Activity: Your answer should be the line containing "2023 Jeep Grand" and each line after it through the end of the data below, repeated exactly.

◇ ◇ ◇ ◇

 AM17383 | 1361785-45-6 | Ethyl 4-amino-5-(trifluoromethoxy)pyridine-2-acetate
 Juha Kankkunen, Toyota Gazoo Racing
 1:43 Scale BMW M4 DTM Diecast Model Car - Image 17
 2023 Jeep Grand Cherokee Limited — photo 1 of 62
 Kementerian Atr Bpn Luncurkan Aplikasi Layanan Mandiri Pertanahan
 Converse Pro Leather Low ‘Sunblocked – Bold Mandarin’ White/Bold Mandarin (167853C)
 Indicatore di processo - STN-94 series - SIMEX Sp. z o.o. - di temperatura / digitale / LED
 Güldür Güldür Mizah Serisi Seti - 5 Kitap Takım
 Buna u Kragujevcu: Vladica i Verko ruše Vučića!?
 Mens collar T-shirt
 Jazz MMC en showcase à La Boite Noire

◇ ◇ ◇ ◇

Solved exercise:
 2023 Jeep Grand Cherokee Limited — photo 1 of 62
 Kementerian Atr Bpn Luncurkan Aplikasi Layanan Mandiri Pertanahan
 Converse Pro Leather Low ‘Sunblocked – Bold Mandarin’ White/Bold Mandarin (167853C)
 Indicatore di processo - STN-94 series - SIMEX Sp. z o.o. - di temperatura / digitale / LED
 Güldür Güldür Mizah Serisi Seti - 5 Kitap Takım
 Buna u Kragujevcu: Vladica i Verko ruše Vučića!?
 Mens collar T-shirt
 Jazz MMC en showcase à La Boite Noire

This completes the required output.